Now you can more easily add "Neopixel" WS2812 LED strips to your blink(1) mk2 with the "blink1 LED strip adapter". This is a simple PCB that breaks out the tiny 3-pin socket on the blink(1) board to a standard 0.1" spacing for LED strips.
The design is completely open source and you can get your own made for a few bucks by going to the blink1-ws2812-adapter page on OSHPark.
Below are some photos showing how you can solder one up to a blink(1) mk2 circuit board. It assumes you've already taken the board out of the enclosure as described in a previous post.
Gathering parts
Here's all the parts you need:
- blink(1) mk2
- blink1-ws2812-adapter board
- 8-pin stacky header or equivalent
The tools you will need are the standard kit for electronics work:
- soldering iron & solder
- needle nose pliers
- diagonal cutters
- locking tweezers or small clamp
Aligning the boards
After removing the blink(1) circuit board from its enclosure, we need to get three sturdy "wires" to go from the blink(1) to the adapter board. I like using the pins of a "stacky header". To remove them, just pull them out with needle nose pliers.
Then, line up the blink(1) and the adapter board and insert the three pins. It's handy to have a clamp or auto-closing tweezers to hold the two boards together while you're doing this.
Soldering the boards together
And now just solder from the top and from the bottom, taking care not to bridge solder across the pins.
Finally trim the pins/wires close to the boards. Trim one lead at a time to prevent possible shorting. And do a quick continuity check afterwards to make sure nothing in shorted.
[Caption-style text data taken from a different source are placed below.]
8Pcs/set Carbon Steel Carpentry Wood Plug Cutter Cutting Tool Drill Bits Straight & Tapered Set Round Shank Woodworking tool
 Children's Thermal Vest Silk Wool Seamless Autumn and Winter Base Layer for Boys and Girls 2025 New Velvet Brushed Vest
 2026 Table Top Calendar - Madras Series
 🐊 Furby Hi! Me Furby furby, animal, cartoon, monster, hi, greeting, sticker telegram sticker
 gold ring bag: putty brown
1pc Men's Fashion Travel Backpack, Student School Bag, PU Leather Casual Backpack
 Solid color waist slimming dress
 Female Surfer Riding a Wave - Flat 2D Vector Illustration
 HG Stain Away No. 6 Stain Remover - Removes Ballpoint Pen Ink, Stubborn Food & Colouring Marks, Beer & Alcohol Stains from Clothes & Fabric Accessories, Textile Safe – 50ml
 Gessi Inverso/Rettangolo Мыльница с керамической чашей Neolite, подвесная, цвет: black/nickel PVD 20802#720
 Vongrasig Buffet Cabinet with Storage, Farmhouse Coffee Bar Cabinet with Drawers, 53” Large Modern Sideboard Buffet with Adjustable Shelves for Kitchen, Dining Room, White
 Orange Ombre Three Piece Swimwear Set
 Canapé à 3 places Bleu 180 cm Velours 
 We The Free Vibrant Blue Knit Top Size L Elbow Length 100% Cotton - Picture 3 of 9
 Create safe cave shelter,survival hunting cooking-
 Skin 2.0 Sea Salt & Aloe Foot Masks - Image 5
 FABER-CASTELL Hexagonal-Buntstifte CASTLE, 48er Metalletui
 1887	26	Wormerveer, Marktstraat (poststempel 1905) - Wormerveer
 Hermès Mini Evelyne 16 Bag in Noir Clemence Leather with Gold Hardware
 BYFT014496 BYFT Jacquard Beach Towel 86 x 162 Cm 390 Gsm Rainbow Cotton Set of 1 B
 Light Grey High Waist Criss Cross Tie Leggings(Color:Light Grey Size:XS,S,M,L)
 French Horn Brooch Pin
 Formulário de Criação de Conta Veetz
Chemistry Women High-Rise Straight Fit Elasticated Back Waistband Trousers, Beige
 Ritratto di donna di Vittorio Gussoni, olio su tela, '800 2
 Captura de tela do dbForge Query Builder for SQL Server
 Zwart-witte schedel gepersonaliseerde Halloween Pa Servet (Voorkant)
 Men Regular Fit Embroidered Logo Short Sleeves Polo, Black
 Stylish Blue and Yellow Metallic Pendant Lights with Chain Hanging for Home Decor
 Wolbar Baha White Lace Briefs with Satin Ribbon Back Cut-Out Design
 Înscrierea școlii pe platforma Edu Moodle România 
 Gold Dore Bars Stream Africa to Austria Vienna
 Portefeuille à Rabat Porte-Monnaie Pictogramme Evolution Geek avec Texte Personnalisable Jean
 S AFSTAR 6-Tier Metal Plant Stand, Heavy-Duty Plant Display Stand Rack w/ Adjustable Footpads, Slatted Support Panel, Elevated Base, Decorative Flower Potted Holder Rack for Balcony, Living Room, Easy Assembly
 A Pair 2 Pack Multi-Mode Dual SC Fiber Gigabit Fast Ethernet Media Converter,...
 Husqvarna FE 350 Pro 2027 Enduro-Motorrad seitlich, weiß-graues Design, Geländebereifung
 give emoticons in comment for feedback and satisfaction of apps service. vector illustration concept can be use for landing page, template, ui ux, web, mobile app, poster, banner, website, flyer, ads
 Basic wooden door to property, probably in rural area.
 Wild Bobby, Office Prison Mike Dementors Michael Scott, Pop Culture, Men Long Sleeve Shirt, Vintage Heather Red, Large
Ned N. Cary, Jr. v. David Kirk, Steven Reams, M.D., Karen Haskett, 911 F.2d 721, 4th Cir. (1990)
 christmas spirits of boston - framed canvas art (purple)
Adding the LED strip header socket (optional)
You can also solder in a female header socket to make it easy to add and remove LED strips. Using the remaining part of the "stacky header", pull out another pin and cut the header to leave you with a 3-pin header socket. Insert that into the adapter board, solder it down, and trim the excess leads.
Plugging in LED strips
Now you can plug in strips. If you solder a 3-pin header onto your strips, you can plug them in straight away! Be sure your strip matches the order of "GND-DAT-5V" for the connections. Most strips have this, but some don't. Otherwise, you can solder wires onto the strips and them plug them into the socket.
Controlling the LEDs
With the 'blink1-tool' command-line program (available from the blink1 project releases page), you can use the 'ledn' parameter to set which LED you'd like to control. When 'ledn' is zero, all LEDs are changed. LED 1 and 2 are the top and bottom LEDs of the blink(1), respectively.
blink1-tool --ledn 5 --rgb '#FF00FF' // turn 5th LED purple
blink1-tool --led 16 --random=100 -m 10 -t 10 // party mode!